Defendants contend that because Mr. Jenkins relied on Ms. Miles's summary to calculate Zaappaaz's PPE revenue, he “relied on outside sources beyond his personal knowledge developed from primary sources” and must be excluded pursuant to Federal Rule of Evidence 702. ECF No. 108 at 10. In support of this argument, Defendants cite James River Ins. Co. v. Rapid Funding, LLC, 658 F.3d 1207, 1215 (10th Cir. 2011). However, James River does not support Defendants' contention that reliance on data another person compiled renders summary testimony an expert opinion. Instead, the Tenth Circuit found that the proposed testimony in James River was expert testimony because it relied on “a technical report by an outside expert” that used “specialized accounting calculations.” Id. Here, Ms. Miles is not an outside expert, nor did she or Mr. Jenkins use any specialized accounting calculations. Moreover, Rule 1006 was not at issue in James River, rather, the issue was whether the proposed testimony was proper lay opinion testimony under Rule 701.

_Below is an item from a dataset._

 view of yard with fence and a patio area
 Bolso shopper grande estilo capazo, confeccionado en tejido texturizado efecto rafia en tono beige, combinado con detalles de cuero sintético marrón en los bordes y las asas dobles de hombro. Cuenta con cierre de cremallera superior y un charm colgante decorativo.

Accordingly, the Court finds that Ms. Miles's and Mr. Jenkins's summaries are proper under Rule 1006 and will consider them in evaluating the FTC's motion for summary judgment. Defendants' motion to exclude Ms. Miles's and Mr. Jenkins's declarations is denied.

V. SUMMARY JUDGMENT SHOULD BE GRANTED AS TO THE FTC'S MERCHANDISE RULE AND SECTION 5 CLAIMS.

The FTC seeks summary judgment on its claims that Zaappaaz violated the Merchandise Rule and Section 5 of the FTC Act. Defendants contend that summary judgment should not be granted because summary judgment is not appropriate in complex cases. ECF No. 108 at 15-16. Defendants also argue that summary judgment should not be granted with respect to the FTC's Merchandise Rule claim because the Rule was promulgated pursuant to an unconstitutional delegation of legislative authority. Id. at 20. As explained below, both contentions are meritless. The Court addresses these arguments and determines that there is no genuine issue of material fact precluding summary judgment as to liability with respect to the FTC's Merchandise Rule and Section 5 of the FTC Act claims.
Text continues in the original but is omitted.